- Born: 1975 (age 50–51) Los Angeles, California
- Education: Bryn Mawr College, Columbia University School of the Arts
- Website: http://mikatajima.com/

= Mika Tajima =

Mika Tajima (born 1975 in Los Angeles, California) is a New York-based artist who employs sculpture, painting, media installation, and performance in her conceptual practice.

== Education ==
Tajima earned a Bachelor of Arts degree in Fine Arts and East Asian Studies from Bryn Mawr College in 1997, and a Master of Fine Arts graduate degree from the Columbia University School of the Arts in 2003. That year she was also a Post-Graduate Apprentice at The Fabric Workshop and Museum in Philadelphia.

== Work ==

Tajima's practice materializes techniques developed to shape the physicality, productivity, and desires of the human body. Her work relates performance, control, and freedom to the embodied experience of architectonic and computational life.

Her early installations and collaborative work explored performance in relation to the built environment. Using the music recording studio, film production set, industrial factory, data centers, and office work environment as production sites, Tajima examined how these spaces shape our activities and bodies. In each project, the performing subject confronts determined situations and seeks new possibilities through modes of non-performance and autonomy.

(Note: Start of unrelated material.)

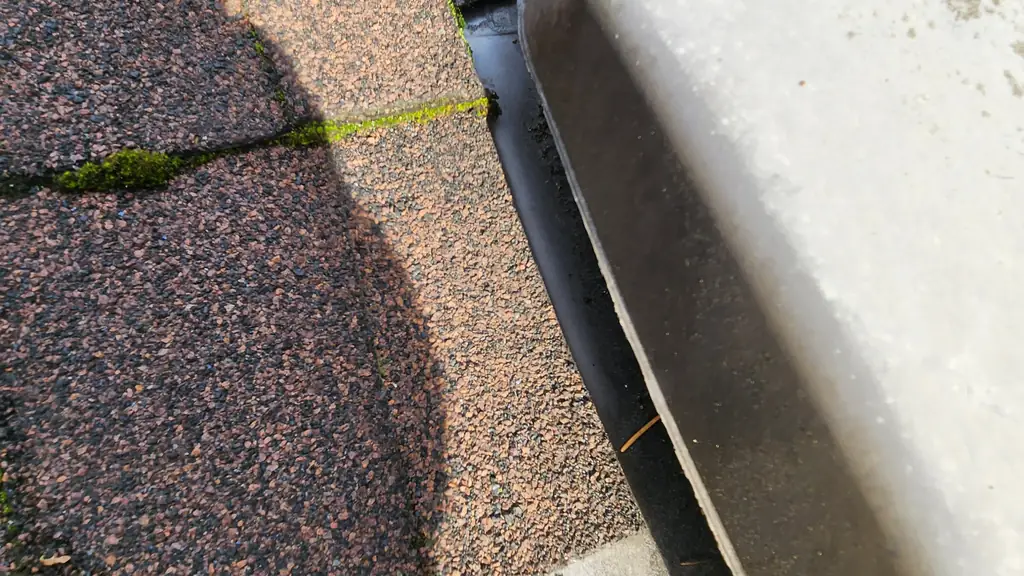 An extreme close-up shows a white plastic gutter downspout outlet at a roof corner, with moss growing in the shingle grooves nearby. Fraser Roofing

Her other work draws on technologies used to control and affect the human body and mind. This includes techniques that shape psychological desires and our experience of space and time. “From architectural systems to ergonomic design to psychographic data, her works operate in the space between the transient and the tangible, and highlight the complex networks of power and submission that we experience in relationship to our physical bodies and virtual selves.”

Through a residency at the Fabric Workshop, Tajima developed her Negative Entropy woven portrait series in which she focused on mechanical textile production, in particular the development of the Jacquard loom, as a technology linked to these early modes of industry, but also one that developed into our current age of computing and information management. Meridian (2016), was developed using sentiment analysis and prediction technology, where the light sculpture responds in real time to the collective mood of a population expressed on live Twitter feeds from a particular geographic region, such as Istanbul. Her exhibitions include Disassociate (2007), The Double (2008), and Negative Entropy (2014).

== Collaboration ==
In 2003, she co-founded New Humans, a collaborative group including then-artists Eric Tsai and her now-husband Howie Chen to make works involving sound, installation, and performance actions. "New Humans" is a moniker for Tajima's projects with other musicians, artists and designers. Collaborators for New Humans performances and projects include Vito Acconci, Charles Atlas, Judith Butler, John Smith and C. Spencer Yeh, among others.

==Awards==
In 2007 she received an Artadia Award.